● **Exercise**: An exact, complete copy of the entries below is required, minus any pictures.
== Dataset excerpts
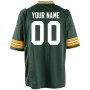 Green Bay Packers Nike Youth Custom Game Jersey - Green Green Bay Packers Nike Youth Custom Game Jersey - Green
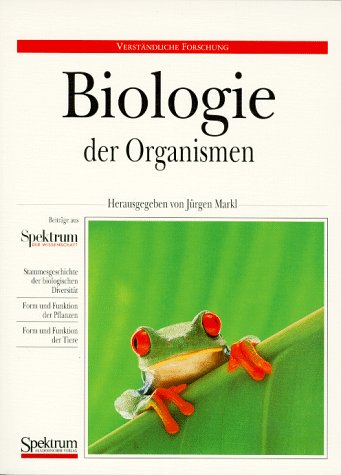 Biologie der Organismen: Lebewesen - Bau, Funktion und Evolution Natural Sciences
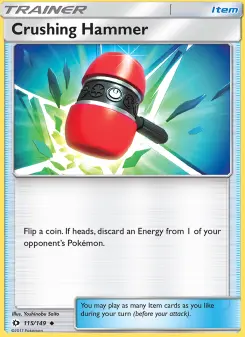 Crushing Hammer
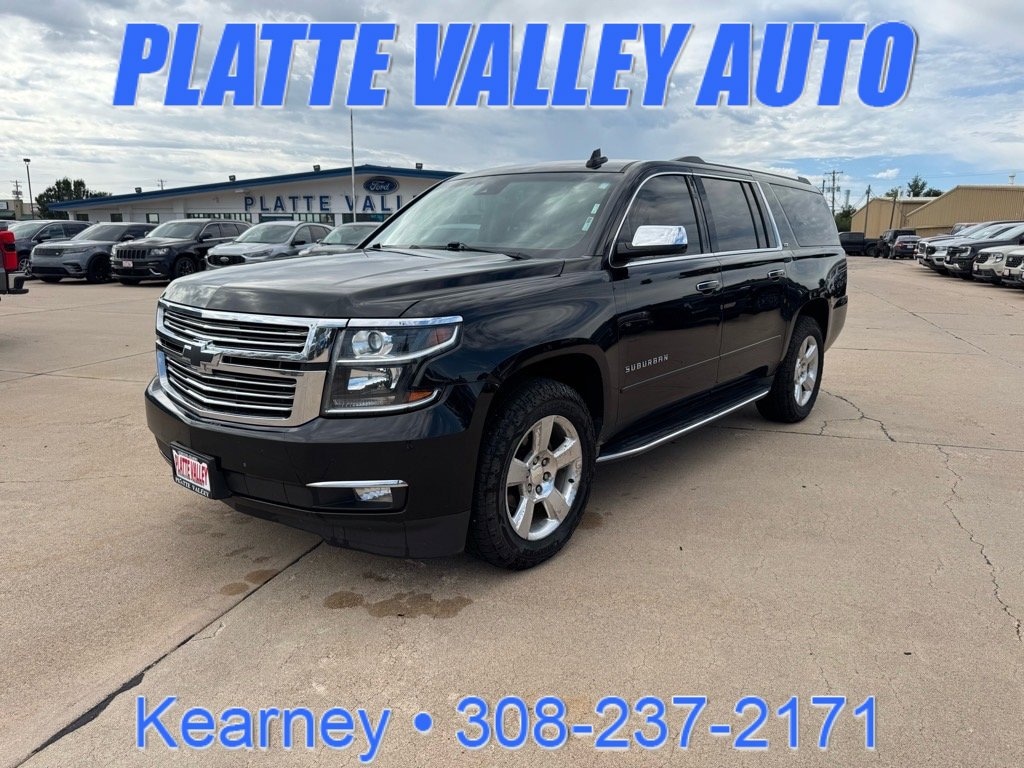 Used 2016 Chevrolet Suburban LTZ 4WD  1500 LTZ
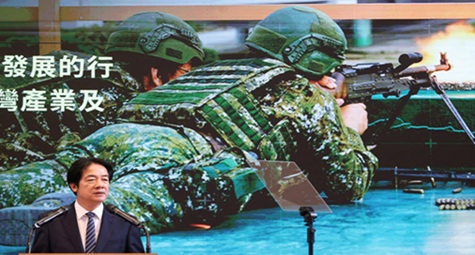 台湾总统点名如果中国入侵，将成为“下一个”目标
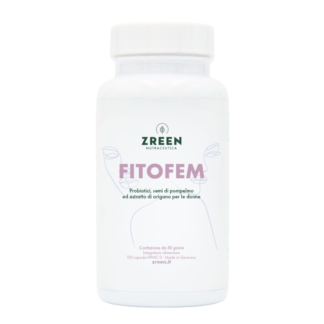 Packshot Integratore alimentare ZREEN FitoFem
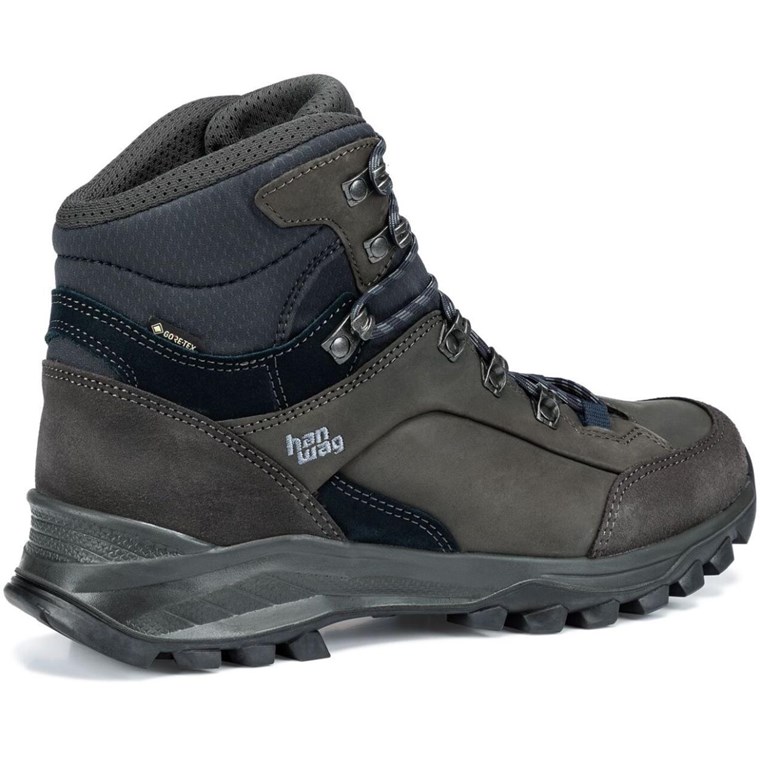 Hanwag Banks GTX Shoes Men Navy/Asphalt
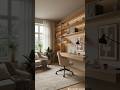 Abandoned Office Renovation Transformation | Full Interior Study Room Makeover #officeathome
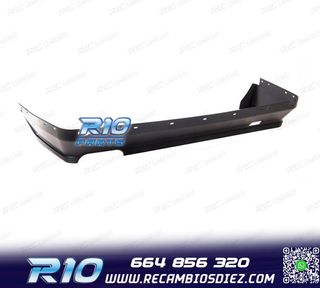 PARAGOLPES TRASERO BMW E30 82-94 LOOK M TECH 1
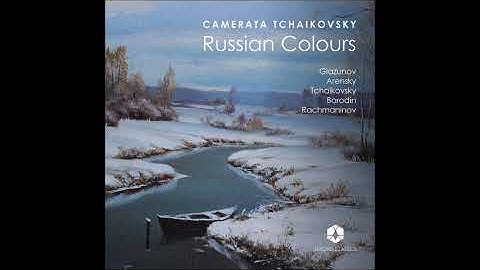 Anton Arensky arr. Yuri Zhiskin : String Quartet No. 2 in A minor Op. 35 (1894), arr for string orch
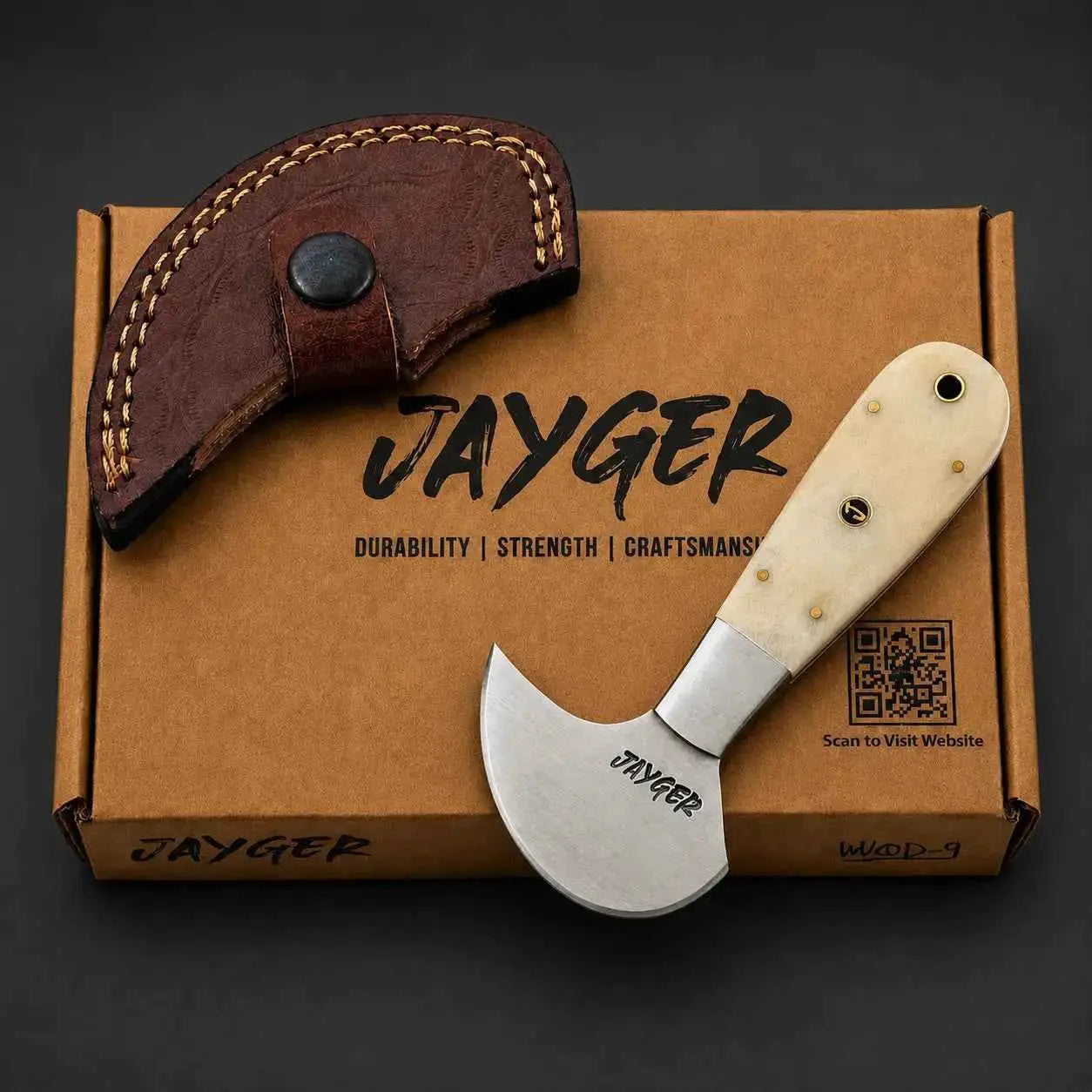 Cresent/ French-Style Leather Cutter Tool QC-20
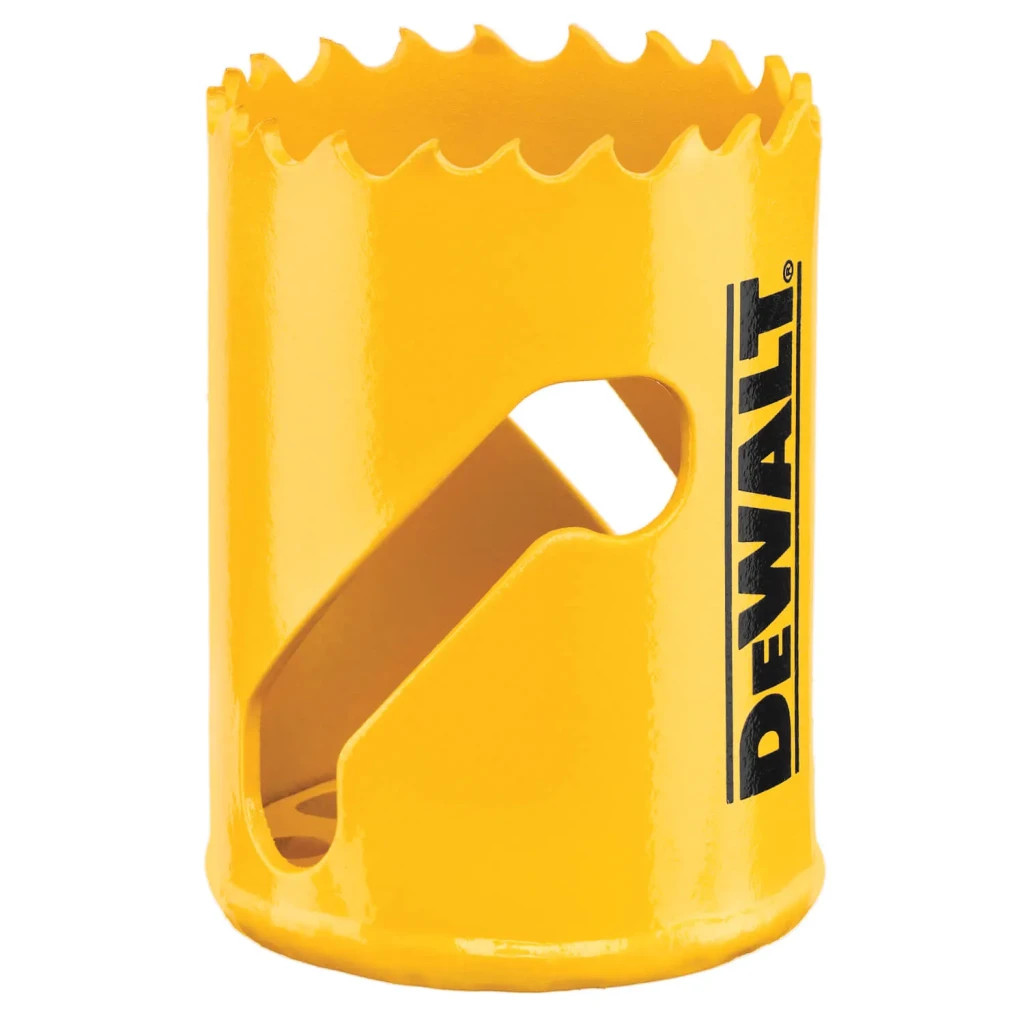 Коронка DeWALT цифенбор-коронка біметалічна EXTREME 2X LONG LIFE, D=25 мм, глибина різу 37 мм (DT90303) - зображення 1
====
● **Exercise answer**:
 Green Bay Packers Nike Youth Custom Game Jersey - Green Green Bay Packers Nike Youth Custom Game Jersey - Green
 Biologie der Organismen: Lebewesen - Bau, Funktion und Evolution Natural Sciences
 Crushing Hammer
 Used 2016 Chevrolet Suburban LTZ 4WD  1500 LTZ
 台湾总统点名如果中国入侵，将成为“下一个”目标
 Packshot Integratore alimentare ZREEN FitoFem
 Hanwag Banks GTX Shoes Men Navy/Asphalt
 Abandoned Office Renovation Transformation | Full Interior Study Room Makeover #officeathome
 PARAGOLPES TRASERO BMW E30 82-94 LOOK M TECH 1
 Anton Arensky arr. Yuri Zhiskin : String Quartet No. 2 in A minor Op. 35 (1894), arr for string orch
 Cresent/ French-Style Leather Cutter Tool QC-20
 Коронка DeWALT цифенбор-коронка біметалічна EXTREME 2X LONG LIFE, D=25 мм, глибина різу 37 мм (DT90303) - зображення 1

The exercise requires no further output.